## TASK
Copy out, exactly as written, only the line containing "Casa 4 dormitórios no bairro Partenon" and the lines after it through the end of the records.

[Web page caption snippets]
------------------------------------------------------------------------
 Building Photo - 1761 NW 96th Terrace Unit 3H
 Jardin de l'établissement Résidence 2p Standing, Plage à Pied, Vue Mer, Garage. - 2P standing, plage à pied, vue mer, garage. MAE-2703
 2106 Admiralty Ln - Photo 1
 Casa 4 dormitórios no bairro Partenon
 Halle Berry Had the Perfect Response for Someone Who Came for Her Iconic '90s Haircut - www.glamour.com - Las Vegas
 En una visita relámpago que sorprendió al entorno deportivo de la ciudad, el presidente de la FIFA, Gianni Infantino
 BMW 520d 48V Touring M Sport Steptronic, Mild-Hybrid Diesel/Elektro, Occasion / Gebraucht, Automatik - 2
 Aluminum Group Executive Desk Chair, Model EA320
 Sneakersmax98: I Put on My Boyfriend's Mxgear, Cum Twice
------------------------------------------------------------------------
## RESULT OF THIS EXERCISE
 Casa 4 dormitórios no bairro Partenon
 Halle Berry Had the Perfect Response for Someone Who Came for Her Iconic '90s Haircut - www.glamour.com - Las Vegas
 En una visita relámpago que sorprendió al entorno deportivo de la ciudad, el presidente de la FIFA, Gianni Infantino
 BMW 520d 48V Touring M Sport Steptronic, Mild-Hybrid Diesel/Elektro, Occasion / Gebraucht, Automatik - 2
 Aluminum Group Executive Desk Chair, Model EA320
 Sneakersmax98: I Put on My Boyfriend's Mxgear, Cum Twice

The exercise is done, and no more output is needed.